Après l’abjuration de Saint-Denis, un tel arrêt devenait le signal de la prochaine entrée du roi catholique et français dans la capitale de son royaume. Neuf mois d’attente s’écoulèrent cependant, plus remplis par les négociations secrètes que par les opérations militaires, et durant lesquels la corruption fut pratiquée avec aussi peu de ménagement que de scrupule.

Les spéculateurs qui, dans la nuit du 22 mars 1594, livrèrent aux troupes royalistes la porte Saint-Honoré et introduisirent clandestinement Henri IV dans Paris, cédèrent moins à des considérations politiques qu’à des motifs d’intérêt privé. Comme le disait quelques jours après le monarque gascon dans un accès d’humeur joyeuse, en se chauffant à la large cheminée du Louvre, ils vendirent à César ce qui appartenait à César[1]. Mais telle était la condition faite au Béarnais, et qu’il accepta durant tout le cours de son règne avec une facilité dont il est difficile de faire honneur à son esprit chevaleresque.

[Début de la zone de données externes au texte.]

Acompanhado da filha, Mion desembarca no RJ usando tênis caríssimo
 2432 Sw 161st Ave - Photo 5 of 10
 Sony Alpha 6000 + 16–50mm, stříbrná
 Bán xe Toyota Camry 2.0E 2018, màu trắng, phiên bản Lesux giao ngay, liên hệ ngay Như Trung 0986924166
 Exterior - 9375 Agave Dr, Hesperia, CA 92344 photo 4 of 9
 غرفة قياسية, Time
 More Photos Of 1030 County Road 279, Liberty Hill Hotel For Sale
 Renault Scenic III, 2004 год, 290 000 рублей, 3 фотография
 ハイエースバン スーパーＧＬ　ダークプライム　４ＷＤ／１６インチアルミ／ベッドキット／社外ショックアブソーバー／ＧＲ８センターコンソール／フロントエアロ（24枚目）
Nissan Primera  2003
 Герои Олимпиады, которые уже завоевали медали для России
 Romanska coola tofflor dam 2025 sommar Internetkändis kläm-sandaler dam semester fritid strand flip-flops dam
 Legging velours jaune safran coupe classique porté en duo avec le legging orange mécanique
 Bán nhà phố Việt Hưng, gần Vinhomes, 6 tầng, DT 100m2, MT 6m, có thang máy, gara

A peine installé à Paris, il courait faire visite à mesdames de Nemours et de Montpensier, adressait des émissaires à tous les princes de Lorraine, et préparait le bilan de toutes les consciences ennemies. Il achetait Rouen de Villars, l’un des plus furieux ligueurs, payait un million au duc de Joyeuse pour Toulouse, 800,000 livres à Lachâtre

  1. Journal de Henri IV, t. II, p. 10.